The Saudis have denied the New York Times reports.  On Wednesday, they reiterated their position asserting East Jerusalem as the capital of Palestine. Incidentally, the statement came after a meeting between King Salman and Abbas. It was Abbas’ second or third visit to the Saudi capital in two months and it came ahead of yesterday’s crucial United Nations General Assembly vote on a resolution supporting East Jerusalem as the capital of future Palestinian state.  Is Abbas, who has rejected the US as a peace broker, being browbeaten to accept the truncated peace plan of Trump or face a Saudi aid cut? 

For Palestinians, it is East Jerusalem or death. But Trump also has taken the Jerusalem issue personally and stepped up his offensive. 

The US, isolated on Monday at the UN Security Council where it used its veto power to kill yet another attempt aimed at resolving the Palestinian issue in a peaceful manner through the UN mechanism, took to political thuggery in a depraved bid to stop a UN General Assembly resolution that calls on the world body to denounce Trump’s recognition of Jerusalem as the capital of Israel. 

Ahead of the resolution which was expected to be passed with a huge majority last night, Nikki Haley, Trump’s hit woman at the UN, warned nations that she would report back to the US president with the names of those who support the resolution. 

Hailing her highhandedness and forgetting the Christmas spirit, Trump -- perhaps acting like a King Harod and his massacre of the innocents during Christmas -- threatened to cut funding to countries which opposed the US stand. “All these nations take our money and then vote against us at the Security Council and they vote against us potentially at the Assembly…  Well, we’re watching those votes,” he said at the White House.
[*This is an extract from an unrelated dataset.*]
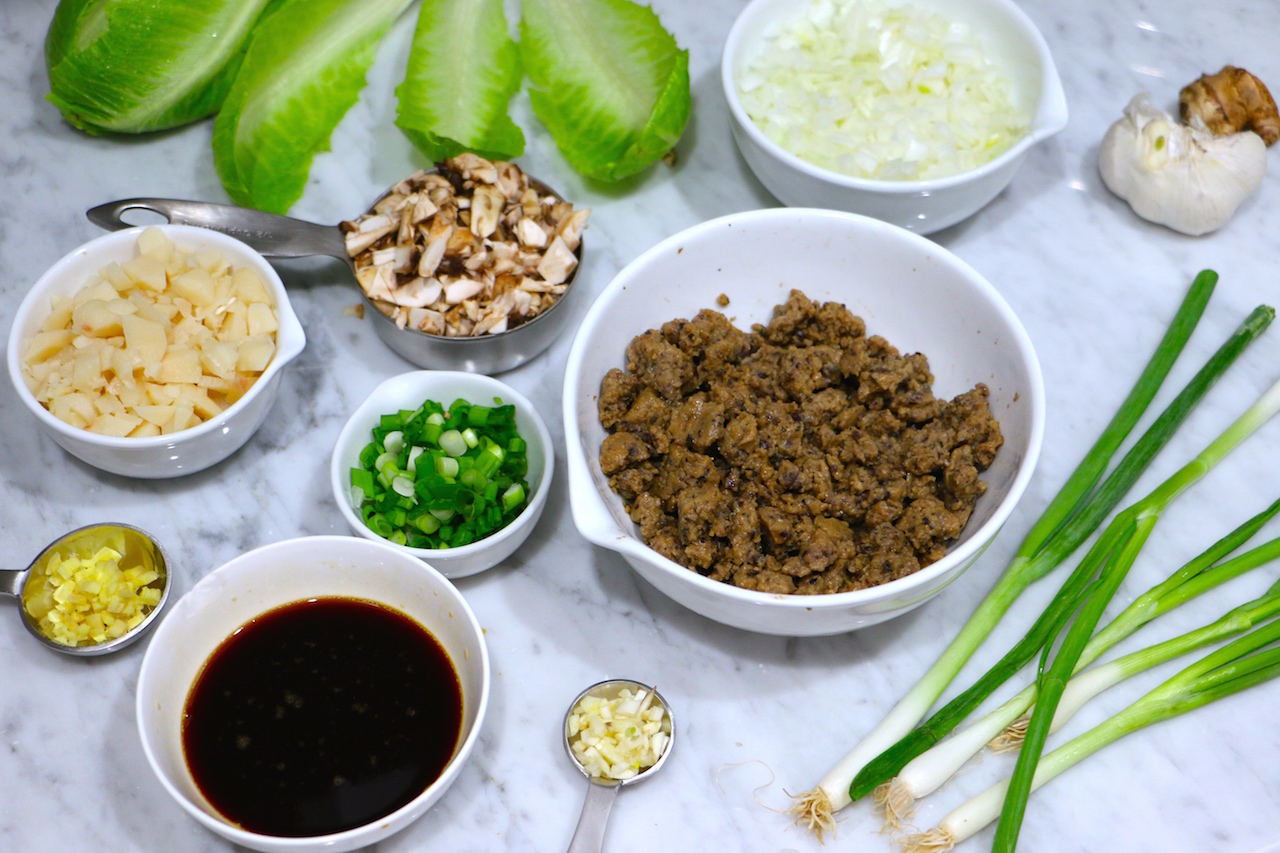 vegan-chicken-lettuce-wrap-ingredients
Will the American people take notice of the voting pattern and ask why the United States is isolated? Why is the US hell bent on upholding injustice whereas the rest of the world cries for peace and justice?

It is not North Korea that befits the description ‘the most dangerous country’. Rather it is Trump’s United States.  If the eccentric president can ignore world opinion with regard to climate change and Jerusalem, what guarantees do we have that he would not use nuclear weapons?